Direktur Reserse Kriminal Umum Polda Metro Jaya Kombes Iman Imanuddin lebih dulu menjelaskan bahwa pengamanan terhadap Roy Suryo dan dr Tifa merupakan bagian dari rangkaian proses hukum menuju tahap pelimpahan.
“Pengamanan terhadap para Tersangka, yaitu Saudara RS dan Saudari TF, sebagai bagian dari rangkaian proses untuk melaksanakan penyerahan atau pelimpahan tersangka dan barang bukti dari penyidik Ditreskrimum Polda Metro Jaya kepada jaksa penuntut umum Kejaksaan Tinggi DKI sehubungan dengan berkas perkara yang sudah dinyatakan lengkap atau P-21,” jelas Iman.
Iman menambahkan, penyidik berkewajiban memastikan kehadiran tersangka serta kondisi kesehatan jasmani dan rohani sebelum proses tahap II dilakukan.
“Kemudian juga penyidik akan melakukan serangkaian pemeriksaan kesehatan kepada para Tersangka baik kesehatan jasmani maupun rohani sehingga Tersangka patut dan dapat mempertanggungjawabkan perbuatannya,” imbuhnya.
Ia juga menegaskan bahwa jaksa penuntut umum akan mengonfirmasi kembali keberadaan tersangka dan barang bukti dalam proses tersebut.
“Kami pastikan bahwa penyidik akan menjamin hak dan kewajiban tersangka terlindungi sebagaimana undang-undang yang berlaku,” imbuhnya.
Lebih lanjut, Iman menyatakan seluruh proses penyidikan hingga pelimpahan dilakukan sesuai ketentuan hukum acara pidana dan tetap membuka ruang kontrol hukum bagi para tersangka.
“Guna menjamin keberimbangan dan kontrol terhadap proses penyidikan yang berlangsung, kitab undang-undang hukum acara pidana telah memberikan ruang pengujian melalui mekanisme praperadilan.
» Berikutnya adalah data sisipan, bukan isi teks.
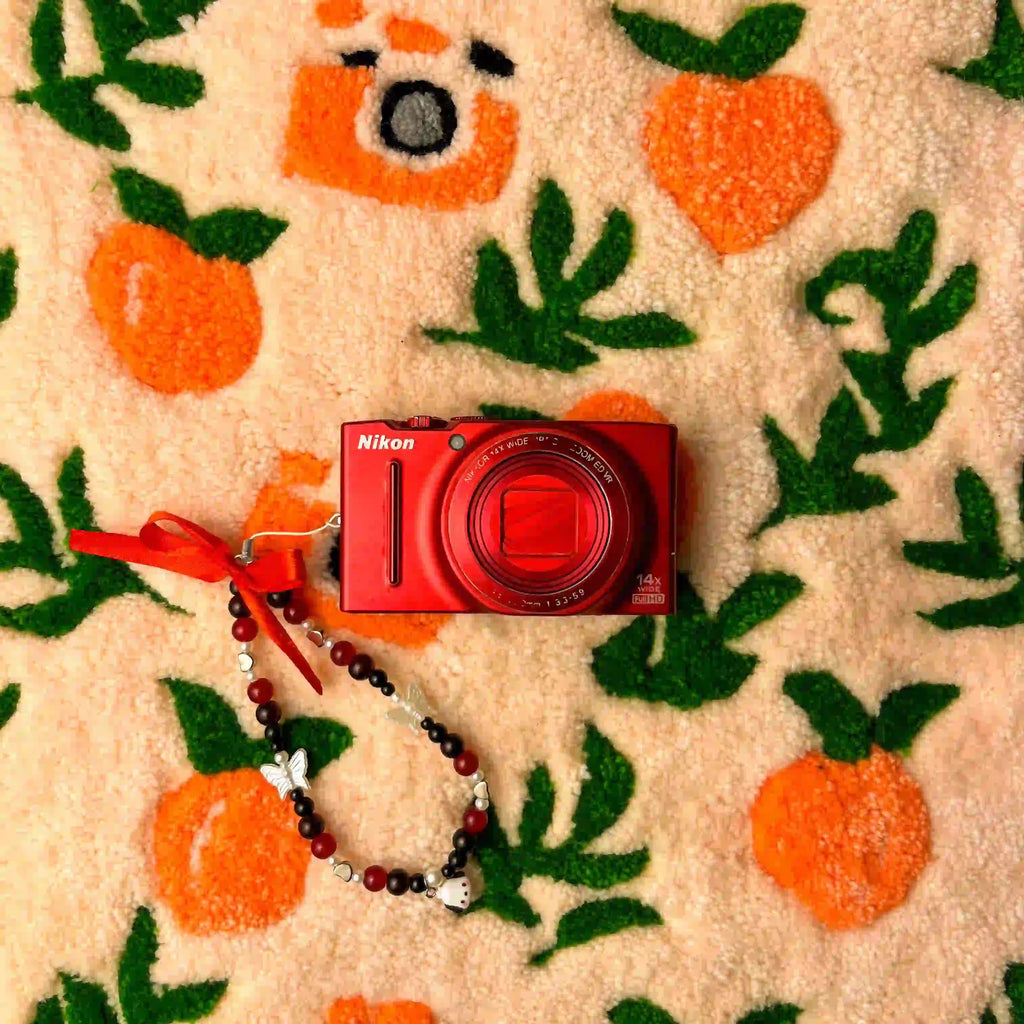 Nikon Coolpix S8200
Maka kepada pihak Tersangka, keluarga, maupun kuasa hukum Tersangka dapat menggunakan mekanisme kontrol dan uji yang diatur di dalam kitab undang-undang hukum acara pidana tersebut,” pungkasnya.
Sementara itu, Kabid Humas Polda Metro Jaya Kombes Budi Hermanto mengungkapkan bahwa Roy Suryo dan dr Tifa telah dibawa ke rumah tahanan Polda Metro Jaya sejak Minggu malam.
“Update terakhir TSK Tifa dan Roy S akan dibawa dari RS Kramat Jati malam ini dan diinapkan di rutan PMJ,” ujar Budi Hermanto saat dihubungi wartawan, Minggu (21/6/2026).
Menurut Budi, penyidik masih berkoordinasi dengan pihak RS Polri Kramat Jati terkait pemindahan kedua tersangka. Ia memastikan pelimpahan tahap II akan dilakukan pada pagi hari.
“Selanjutnya besok (hari ini) jam 09.00 pagi akan bersama-sama berangkat dari Polda menuju Kejari Jaksel untuk tahap 2,” ucapnya.
Sebelumnya, Polda Metro Jaya menegaskan bahwa penangkapan Roy Suryo dan dr Tifa bukan tindakan yang berdiri sendiri, melainkan kelanjutan dari proses penyidikan setelah berkas perkara dinyatakan lengkap.
“Penangkapan ini bukanlah tindakan yang berdiri sendiri, melainkan kelanjutan dari proses penyidikan yang telah berjalan. Berkas perkara telah dinyatakan lengkap atau P21 oleh kejaksaan,” kata Budi Hermanto dalam konferensi pers di Mapolda Metro Jaya, Jakarta, Jumat (19/6).
Ia juga menegaskan bahwa seluruh alat bukti dalam perkara tersebut telah memenuhi persyaratan hukum.
“Dengan demikian, langkah ini menjadi dasar hukum yang jelas dan dapat dipertanggungjawabkan,” ucap Budi Hermanto.